## ACTION ITEM
Copy every entry verbatim and skip the pictures.

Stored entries
· · · · ·

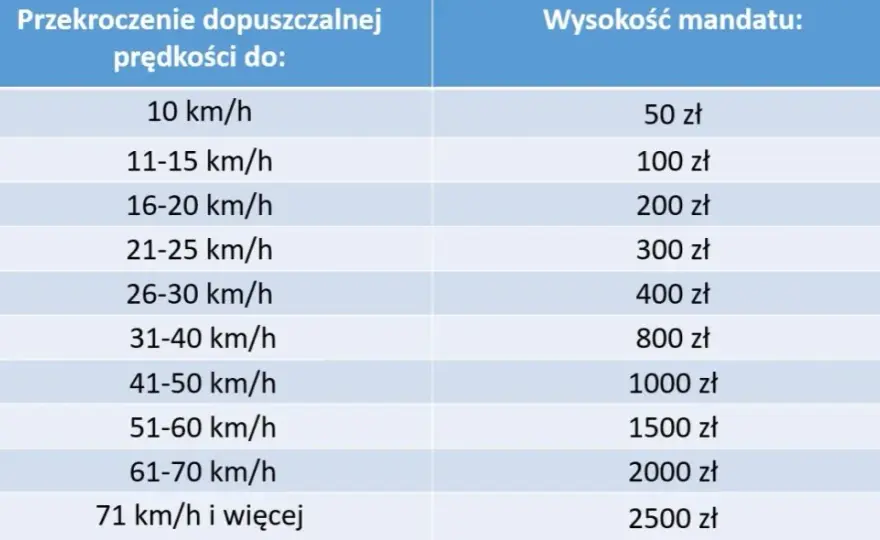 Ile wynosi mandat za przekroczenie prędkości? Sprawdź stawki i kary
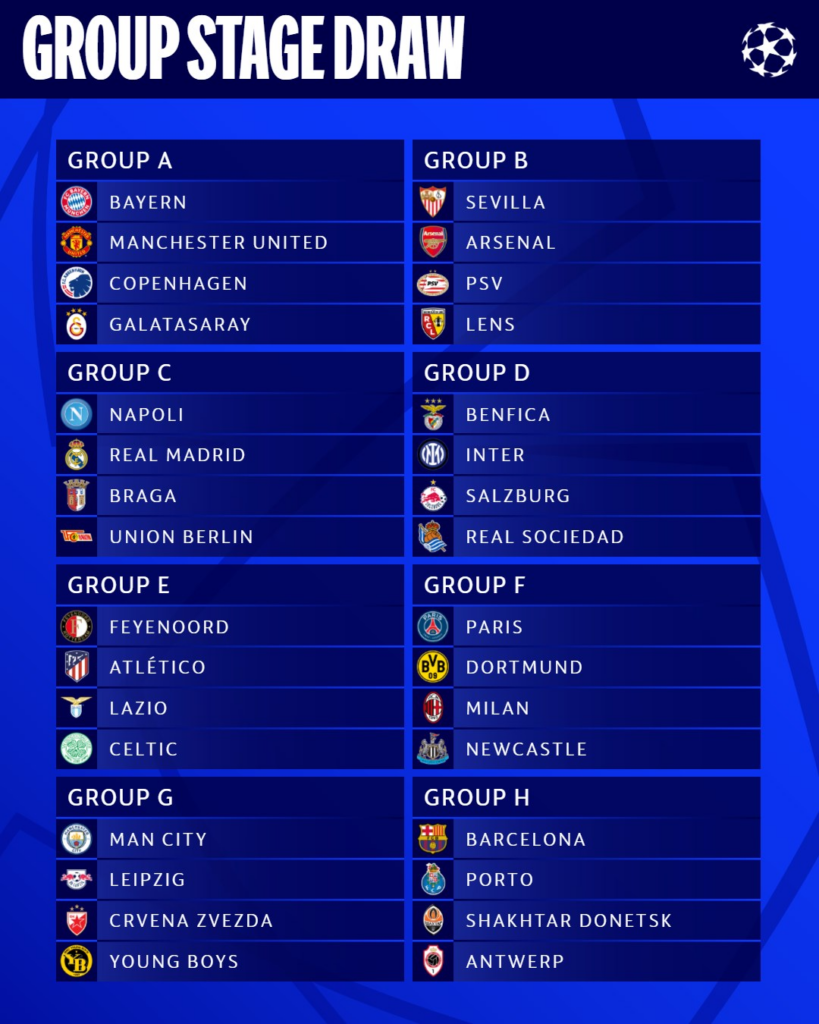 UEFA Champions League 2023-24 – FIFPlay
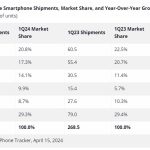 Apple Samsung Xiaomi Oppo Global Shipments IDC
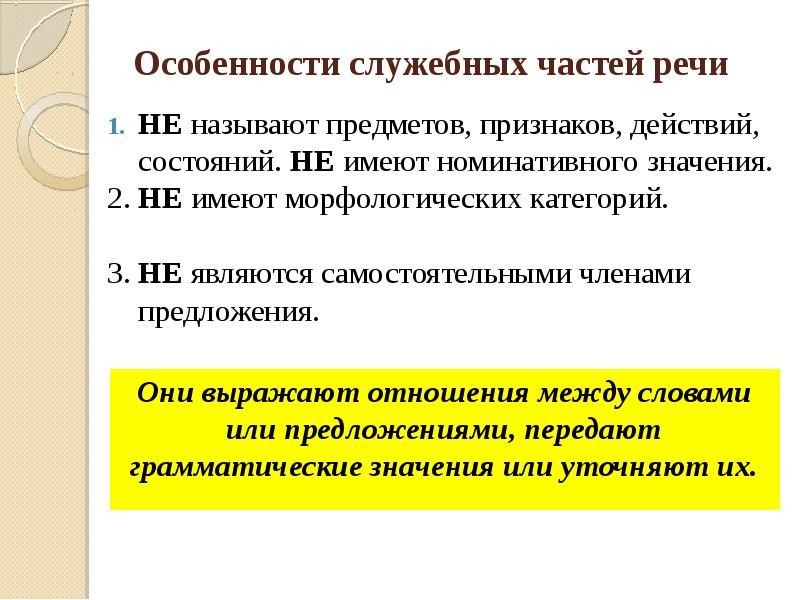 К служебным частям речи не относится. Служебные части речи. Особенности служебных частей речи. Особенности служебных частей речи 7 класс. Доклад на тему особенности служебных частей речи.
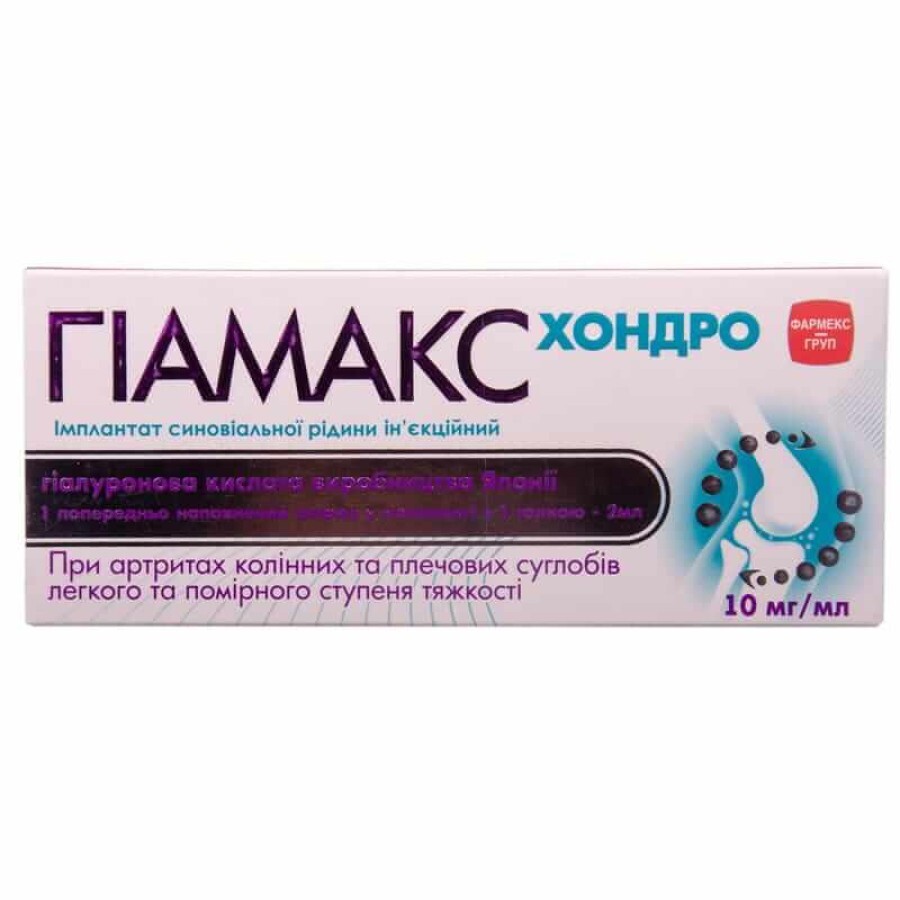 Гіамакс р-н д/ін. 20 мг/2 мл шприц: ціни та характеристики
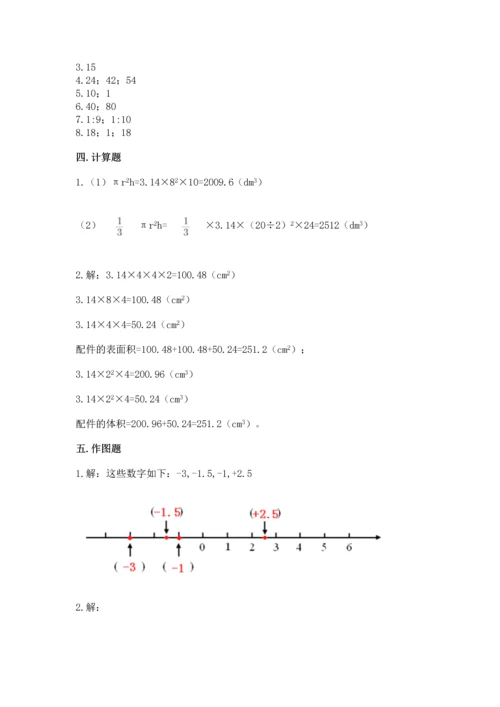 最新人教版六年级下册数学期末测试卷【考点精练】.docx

· · · · ·

## OUTPUT FOR THIS TASK
 Ile wynosi mandat za przekroczenie prędkości? Sprawdź stawki i kary
 UEFA Champions League 2023-24 – FIFPlay
 Apple Samsung Xiaomi Oppo Global Shipments IDC
 К служебным частям речи не относится. Служебные части речи. Особенности служебных частей речи. Особенности служебных частей речи 7 класс. Доклад на тему особенности служебных частей речи.
 Гіамакс р-н д/ін. 20 мг/2 мл шприц: ціни та характеристики
 最新人教版六年级下册数学期末测试卷【考点精练】.docx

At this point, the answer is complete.